This function should return the symmetric closure of L. Examples:
(Symmetric-Closure'((a a) (a b) (b a) (b c) (c b))) ---> '((a a) (a b) (b a) (b c) (c b))
(Symmetric-Closure'((a a) (a b) (a c))) ---> '((a a) (a b) (a c) (b a)(c a))
(Symmetric-Closure'((a a) (b b))) ---> '((a a) (b b))
(Symmetric-Closure'())---> '()
Here is what I have in Racket
(define (Symmetric-Closure L)
;Iterate over each pair in L
(andmap (lambda (x)
;If the flipped pair does not exist in L, it will
;return L and the flipped pair that is missing.
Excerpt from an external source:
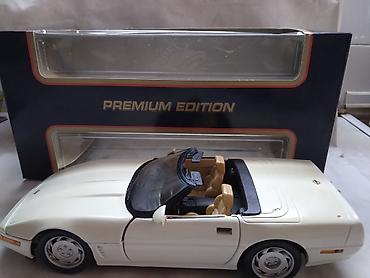 dron thunder: Maisto Chevrolet Corvette Cabrio C4 1/18 beli,kao nov — 3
Otherwise, return L.
(if(not(member (list (cadr x)(car x)) L))
(cons (list (cadr x)(car x)) L)
(append L)))
L))
How can I fix my code so that it will return all the flipped pairs that is missing For example, my code only return L and the last missing flipped pair (c a) instead of (b a) and (c a)
;this is wrong, it should return '((c a)(b a)(a a)(a b)(a c))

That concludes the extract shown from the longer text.